Cónclave

Catequesis

Javier Pereda Pereda

La Iglesia y el mundo están expectantes ante la elección del 267 sucesor de la Cátedra de San Pedro. Para algunos cardenales como Timothy Dolan, de Nueva York, el colegio cardenalicio busca al próximo Papa con el corazón de Francisco y con la claridad y precisión doctrinal de Juan Pablo II y Benedicto XVI.

Otros cardenales como Gerhard Ludwig Müller, quien fue Prefecto de la Doctrina de la Fe y antes obispo de Ratisbona en Alemania, aporta la clave del ministerio petrino. Porque todos los papas mantienen la continuidad en su misión que viene del mismo Cristo, aunque cada uno tenga su propia personalidad.

En definitiva, que la fe, la moral y la doctrina nacen de la palabra de Dios (Evangelio), por lo que no se puede dejar a la arbitrariedad. En consecuencia, el poder del papa, según la doctrina del primado, no es ilimitado, como indica la Constitución “Dei Verbum” (números 7-10). El Papa explica la fe, no crea la fe. Está fuera de sus atribuciones que los laicos celebren la misa o que se pueda ordenar a mujeres. Por eso, no se trata tanto de que la Iglesia se adapte a los requerimientos del mundo, como que transmita el Evangelio en las circunstancias históricas actuales de la sociedad.

Cuando algunos medios de comunicación lanzan el mensaje de la necesidad de la apertura de la Iglesia o si un cardenal es progresista o conservador, están catalogando a esta institución de origen divino como si se tratara de una mera organización humana o política más. Ni la Iglesia, ni el papa, están autorizados para cambiar la doctrina de Jesucristo, contenida en el Catecismo de la Iglesia Católica (1992).

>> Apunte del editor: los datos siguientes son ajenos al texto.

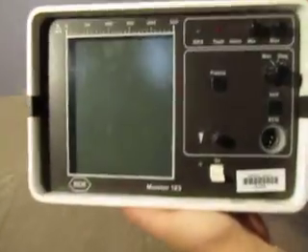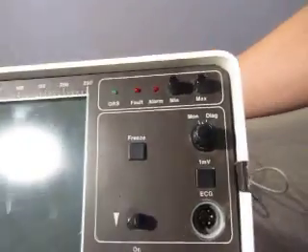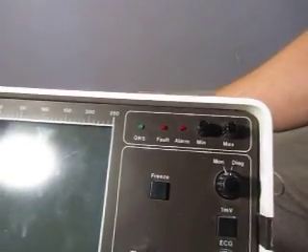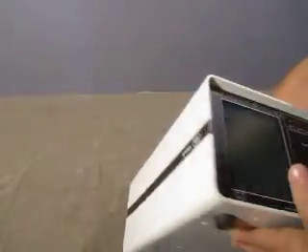Bringing up the camera — a few fingerprints there. On/off, freeze — I'm not sure what all this stuff does. We'll turn it on in a second. It's got a few scuffs.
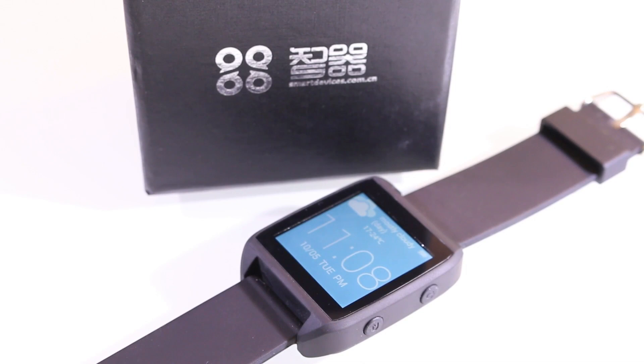Hey, what's up guys and welcome to my new video. As promised, here's the second part of the SmartQZ watch video. I've now updated the software to the latest version and now we'll take a look at the functions of the watch. As always, the link to the seller is in the description, and if you want to buy it, don't forget to message the seller and link to this video to get a little discount. Now let's start the review.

Por eso, en el ambiente de la dictadura del relativismo se hace más necesario adquirir una profunda formación doctrinal-religiosa. Así, en cuestiones que afectan a las propiedades esenciales del sacramento del matrimonio: unidad, indisolubilidad y fidelidad; la natalidad y la procreación responsable recogida en la encíclica “Humanae Vitae”; la fecundación artificial; la Comunión de los divorciados y vueltos a casar; en la antropología cristiana o a la justicia social.  Lo mismo se podría decir en lo referente a la eutanasia, el aborto, la investigación con embriones humanos, el consumo de drogas, la guerra justa o la ideología de género.

El nuevo Pastor de la Iglesia que salga elegido en la próxima semana, en mi modesta opinión, tendría que tener y transmitir un gran amor por Jesús en la Eucaristía.

Me causó impacto la encíclica de Juan Pablo II: “La Iglesia vive de la Eucaristía” (2003). Sabía lo que decía, porque él mismo lo vivía cada día. Era frecuente verle arrodillado ante el Santísimo, como cuando pasó la noche en adoración en la Nunciatura de Madrid, en la visita a España en 1982.

También sucedió con Benedicto XVI, en la memorable vigilia eucarística en el madrileño barrio de Cuatro Vientos en 2011. Al mismo tiempo, en aquella inolvidable Jornada Mundial de la Juventud, en el Parque del Retiro había más de 200 confesionarios en pleno funcionamiento. Un mensaje inequívoco de la necesidad y la unión entre el sacramento de la Penitencia y de la Eucaristía. Porque como dice el cardenal Raniero Cantalamessa: “Hay un peligro mortal para la Iglesia, y es vivir como si Cristo no existiera”.

Siguen siendo actuales y proféticas las palabras de san Juan Pablo II, en la preparación del tercer milenio del cristianismo, recogidas en la carta apostólica “Novo Millenio Ineunte”: “Se equivoca quien piense que el común de los cristianos se puede conformar con una oración superficial, incapaz de llenar su vida. Especialmente ante tantos modos en el que el mundo de hoy pone a prueba la fe, no sólo serían cristianos mediocres, sino cristianos con riesgo”.

Con estos fundamentos: formación cristiana, Eucaristía, confesión y oración, se podrá afrontar con éxito la nueva Evangelización. Ya sea en China, Rusia, India, África, América o en Europa, que ha perdido su identidad. La Iglesia se asemeja a un transatlántico en el que solo el capitán de la embarcación, no puede llevarlo a buen puerto. Se precisa la colaboración activa de todos los miembros de la tripulación, que no se limitarán a ser viajeros. El representante de Cristo en la tierra, en unión a todos los católicos (sacerdotes y laicos), serán quienes lleven a cabo esta apasionante misión evangelizadora.